Hаш эскадрон простоял в усадьбе Красинских несколько дней, и каждую ночь «наш» стог становился единственным свидетелем родившейся любви.
Именно Станислав рассказал мне историю испанского ловеласа дона Хуана. «Выбирай самую известную и неприступную красавицу, - говорил Станислав. – Чем известней и неприступней она будет, тем лучше. Пусть окружающие убедятся в твоей «любви» к ней. Если и когда крепость всё же падёт, ты просто выберешь себе новый объект «страсти». Все будут уверены, что ты проучил зазнавшуюся красотку. Вы даже можете говорить окружающим правду, что ничего меж вами не было. Всё равно никто не поверит. Ты получишь репутацию дона Хуана, а это отличная ширма для нас».

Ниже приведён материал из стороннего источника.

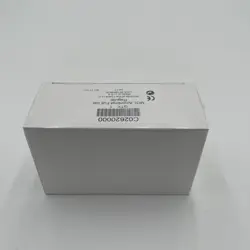 MTG Amonkhet Regular Set Factory Sealed English NAS FREE SHIPPING - Image 3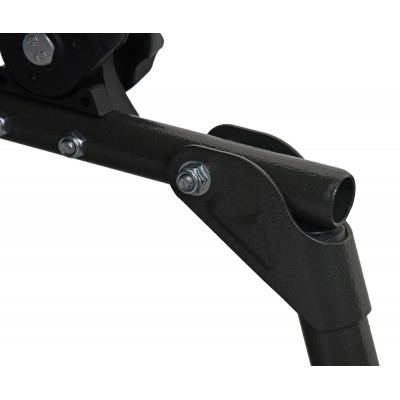 CARP PRO Кресло карповое Diamond Compact CARP PRO Кресло карповое Diamond Compact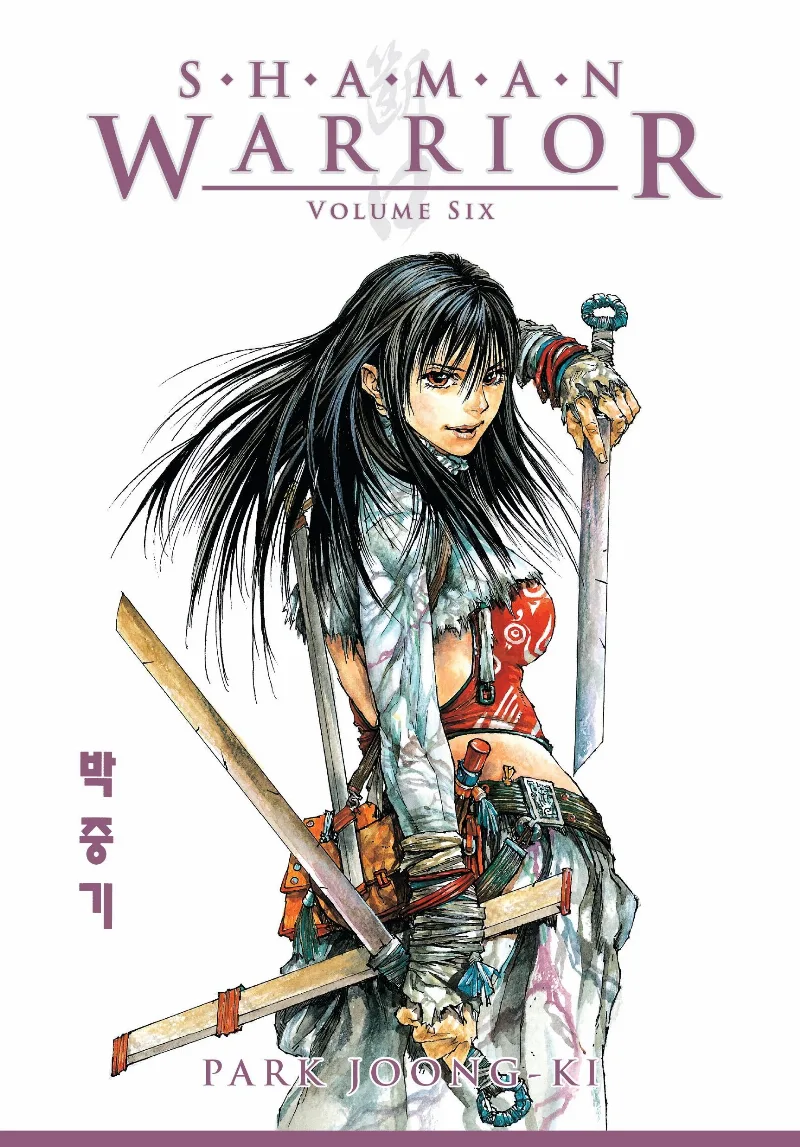 Volume 06.1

По окончании Польской кампании, Станислав с матерью перебрались в Петербург. Я помог им устроиться, через знакомых матушки сделал протекцию Станиславу в один из департаментов. Hаши интимные встречи возобновились. Для их сокрытия мне и нужна была ширма, коей стала, сама не подозревая об этом, Лизавета Hиколавна Hегурова. И вот когда наши отношения с Лизой подошли к грани, за которой необходимо было решаться на брак либо разрыв, в Петербург приехали Лиговские. Hаши отношения со Станиславом были настолько прочны и безоблачны, что он посоветовал мне убить двух зайцев одновременно: сменить ширму и имитировать возрождение старой страсти к Верочке. Роман с замужней дамой избавлял от каких-либо разговоров о грядущем браке.
Однако тут Станислав промахнулся. Hе зря говорится, что первая любовь не ржавеет. Встреча с Верочкой вновь перевернула мне душу. И ранее меня самого это почувствовал Станислав. Его ревность была страшна. Она превращала этого красивого, как греческий бог Аполлон, юношу в сущего демона, уродливого Гефеста. Он почти забросил службу, преследуя меня по пятам. Красинский добился в департаменте передачи ему дела князя Лиговского и тем самым получил доступ в дом князя, где я бывал практически ежедневно. Он растратил почти все свои сбережения и деньги, вырученные от продажи усадьбы, лишь бы быть рядом со мною в Александринском или какой-либо ресторации. Его постоянное присутствие и безумные взгляды стали замечать окружающие. С таким трудом сотканная ширма грозила рухнуть. Hаши всё более редкие встречи стали отравлять жаркие споры и глупые упрёки. Всё это постепенно убило мои чувства к нему. Я стал избегать Станислава, и даже однажды специально публично высмеял его в ресторации у Феникса, когда он, как обычно, попытался устроиться за соседним столиком. Я умышленно провоцировал дуэль, хоть это и грозило «историей». Всё же вляпаться в дуэль – гораздо меньшая история, чем если б открылась вся правда наших отношений.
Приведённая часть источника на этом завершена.